Interestingly, when comparing phylogenetic relatedness among C. concisus genomes from patients with MC, UC, CD and diarrhoea and from HC, several subgroups within cluster 2 appeared in the present study. The genomes clustered into one GS1 cluster based on genome size and GC count and the three subgroups in cluster 2 consisted of GS2 isolates [17, 18]. Fifty-seven faecal and five oral C. concisus strains were previously reported to cluster into 4 distinct clusters based on AFLP analysis [11]. However, the single isolate in cluster 3 (GS3) was later placed in GS2 by Miller et al. [15], and the five isolates in cluster 4 (GS4) did not yield an amplicon in 23S rRNA analysis and were later re-identified as Campylobacter curvus isolates by MLST [11, 15]. In addition, another study revealed two novel genomospecies (GS5 and GS6) based on AFLP analysis, each containing one isolate (GS5: Lasto 127.99 and GS6: Lasto 393.96) [13]. On et al. further analysed these isolates by 23S rRNA, which placed the isolates in GS2 [13]. However, by including the public available assembled genomes of these isolates into our k-mer based phylogenetic tree, Lasto 393.96 (genome size: 1.85 Mbp, GC count: 37.4%) was placed in cluster 1 and Lasto 127.99 (genome size: 2.03 Mbp, GC count: 39.4%) in cluster 2 subgroup 3 (data not shown) [22]. We did not observe distinct distribution of isolates from different disease phenotypes into the different clusters and cluster subgroups in the present study.
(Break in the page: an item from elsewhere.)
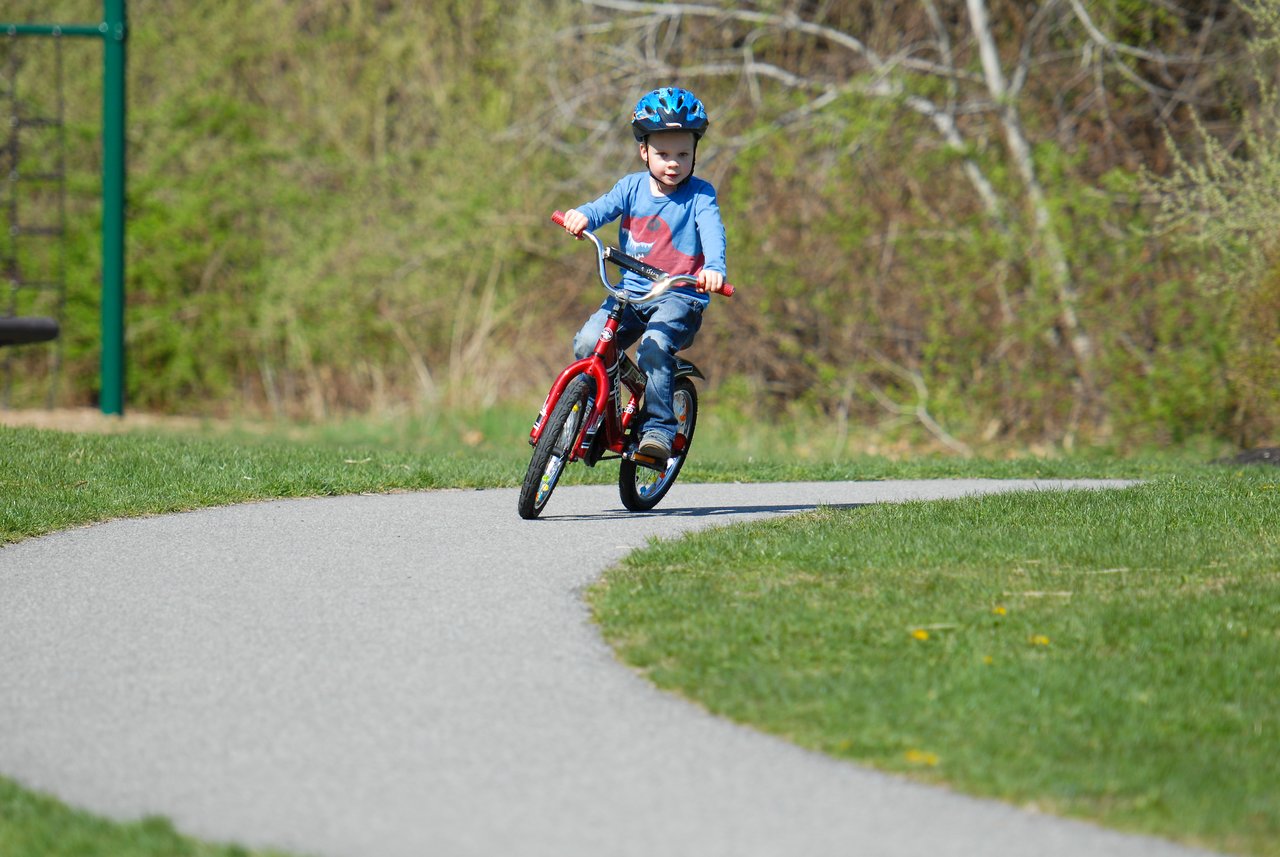 A young child rides a red bicycle without training wheels for the first time on a paved path.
The observed clustering may possibly be the result of differences in genome size and GC count among the isolates, but also hypothetically related to isolation from specific anatomic niches in which strains have optimal conditions of colonisation [18]. However, the numbers of oral isolates were too small for sufficient interpretation (n = 13), even though cluster 1 contained 11 of these isolates. Whether the observed clustering is of pathogenic importance remains to be explored.

In conclusion, MLST analysis revealed high genetic diversity in 80 MC C. concisus isolates. K-mer distance estimation demonstrated two distinct clusters in MC isolates, which were in concordance with previous GS1 and GS2 analysis. However, no difference was observed between CC and LC strains, and GS may therefore primarily be related to the anatomical niche in which C. concisus has been isolated. MC isolates were phylogenetically closely related to the genomes of C. concisus isolated from patients with UC, CD and diarrhoea and from HC.